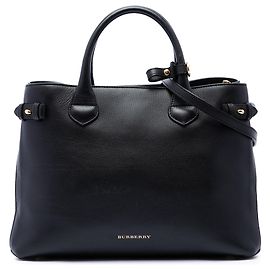 Borsa Satchel Banner Burberry Medium in pelle e House Check nera
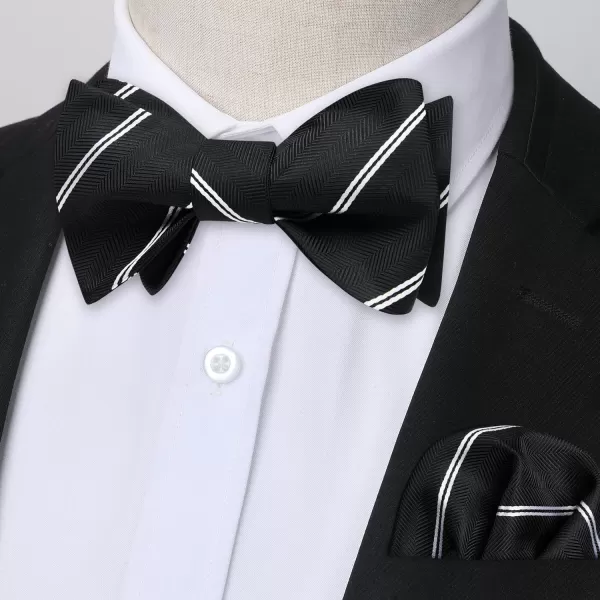 HISDERN Bow Ties for Men Striped Bowties Men's Self Tie Bowtie Handkerchief Formal Tuxedo Wedding Bowties and Pocket Square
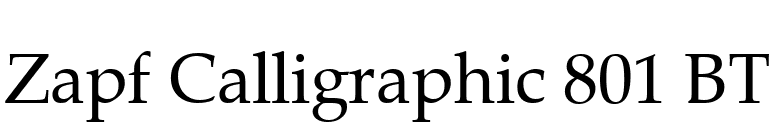 Zapf Calligraphic 801 BT font preview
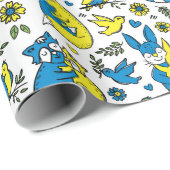 Farben in der Ukraine Kinder Blaugelbe Tiermütter Geschenkpapier (Rolleneckpunkt)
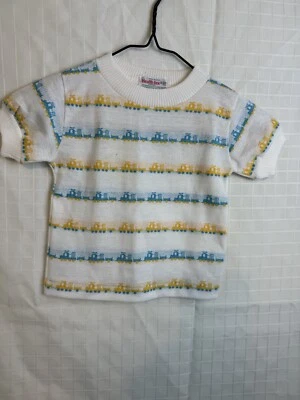 Camisa de camión Healthtex vintage para niños talla 24M manga mezcla de algodón azul blanco Foto 1 de 3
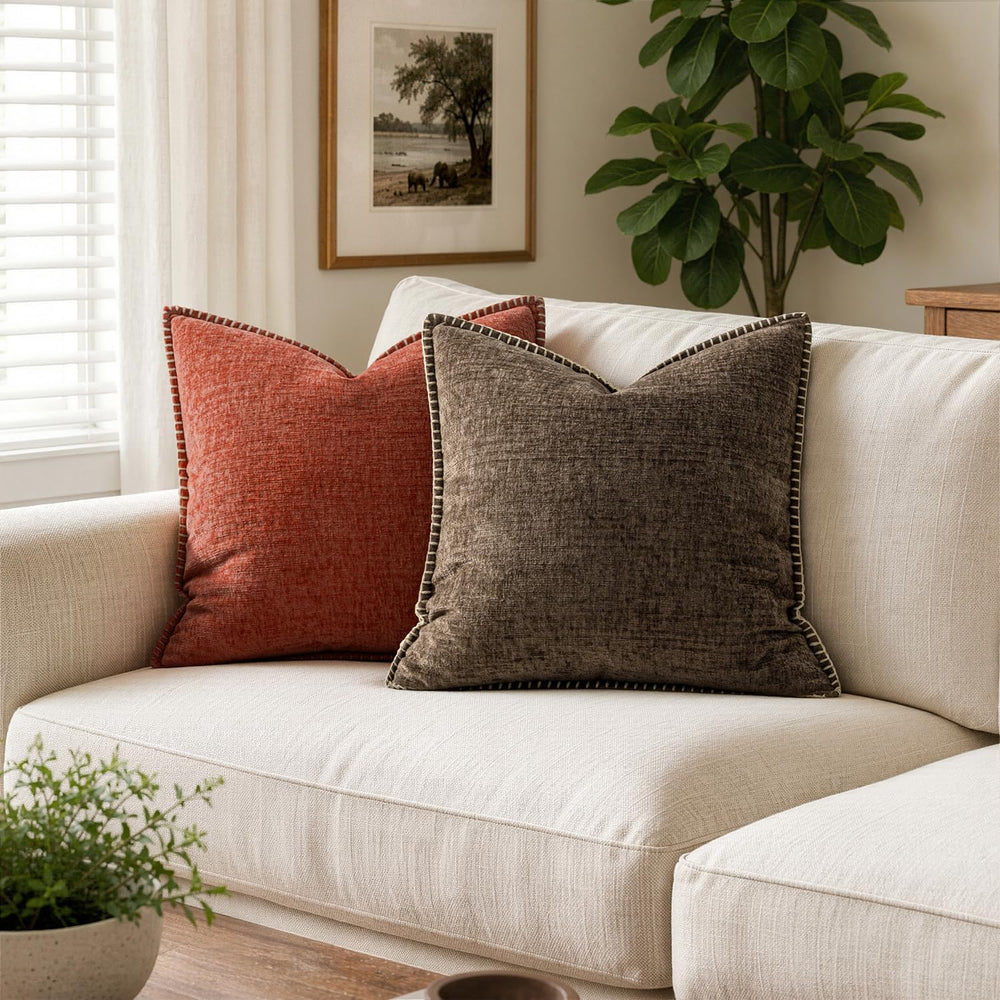 MIULEE Decorative Euro Sham Pillow Covers 24x24 Inch Brown 2 Pack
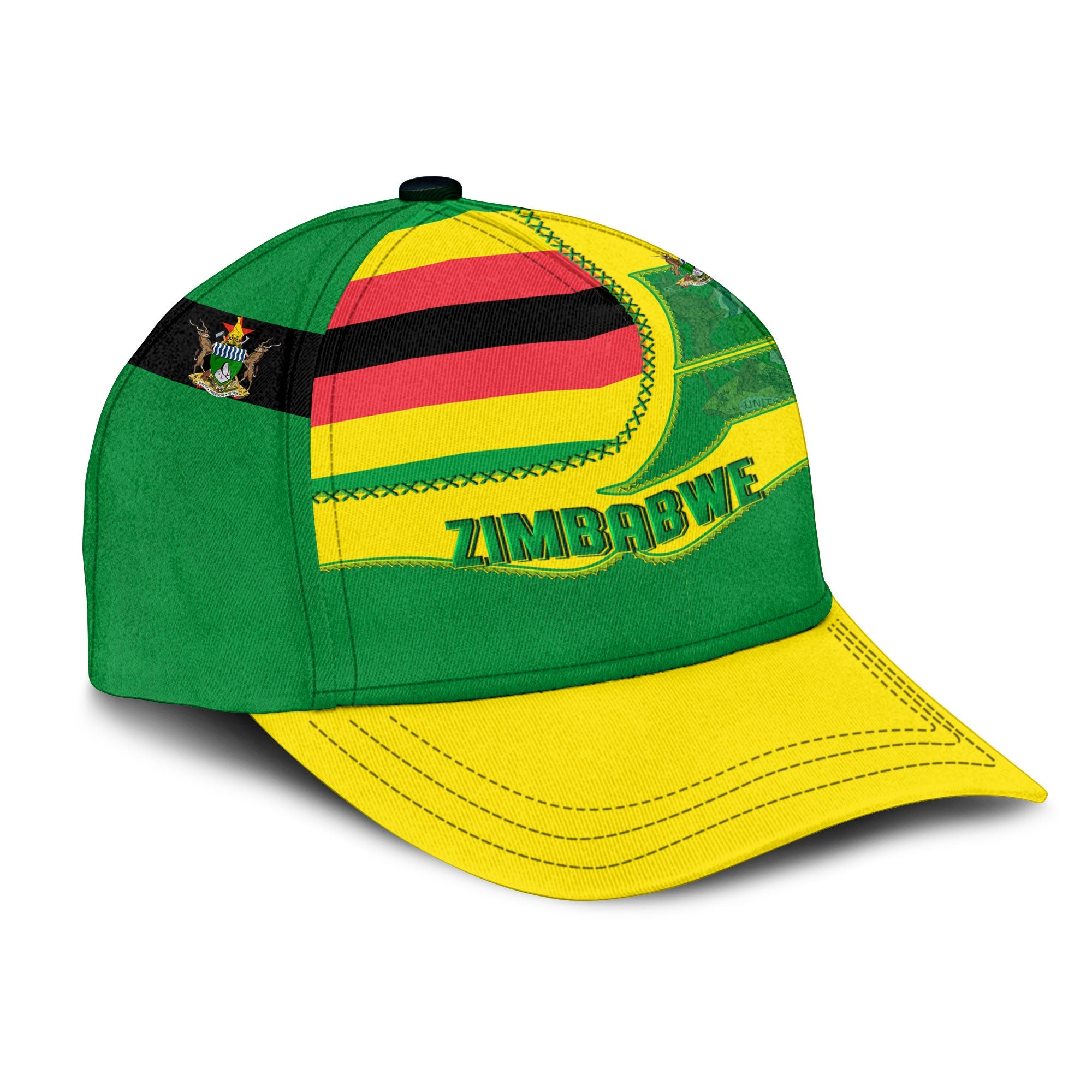 Zimbabwe Classic Cap Flag & Coat Of Arms Leather Style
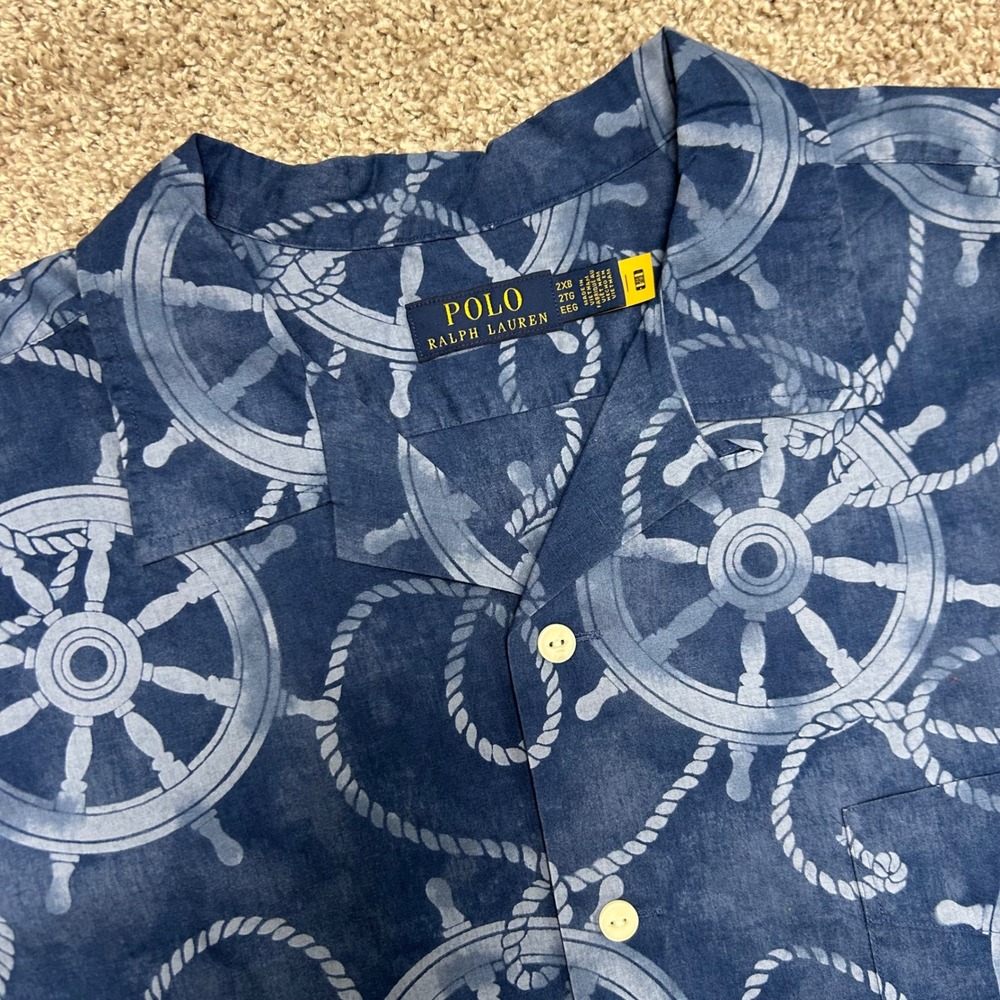 NWT Polo Ralph Lauren Cotton Linen Printed Camp Shirt Men Size 2XB Nautical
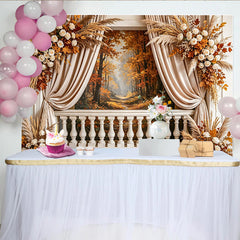 Lofaris Elegant Autumn Forest Photography Backdrop with White Roses and Pampas Grass, Balustrade Studio Background for Seasonal Shoots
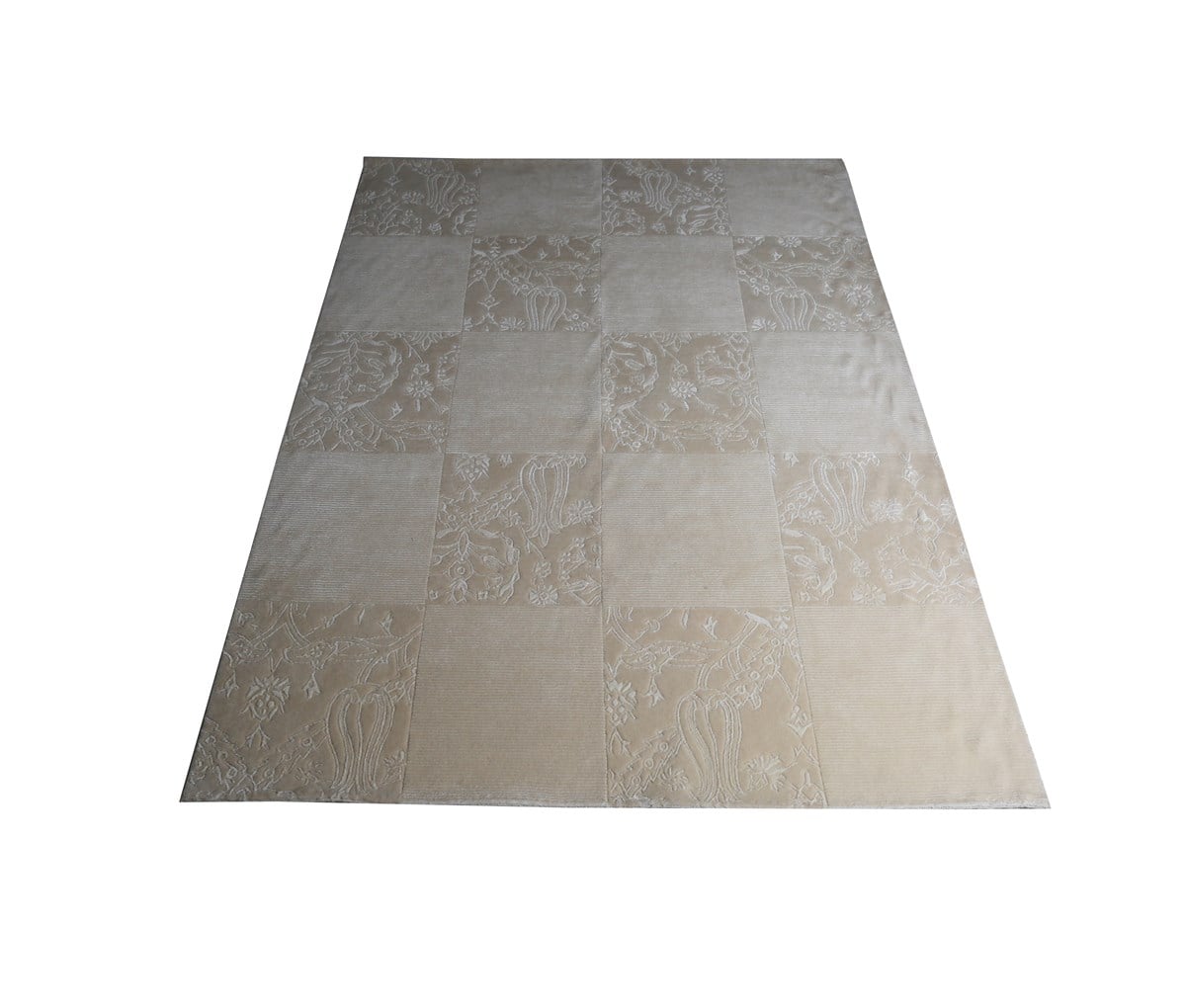 Çam Halı Lalezar Damask White Yeni Zellanda Yünü ve Viskon El Dokuması Halı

» **REQUIRED ACTION**:
Output, exactly and only, the lines beginning with the one that contains "Lofaris Elegant Autumn" and ending at the last line of the records above. Drop the pictures.

» **EXPECTED ANSWER**:
 Lofaris Elegant Autumn Forest Photography Backdrop with White Roses and Pampas Grass, Balustrade Studio Background for Seasonal Shoots
 Çam Halı Lalezar Damask White Yeni Zellanda Yünü ve Viskon El Dokuması Halı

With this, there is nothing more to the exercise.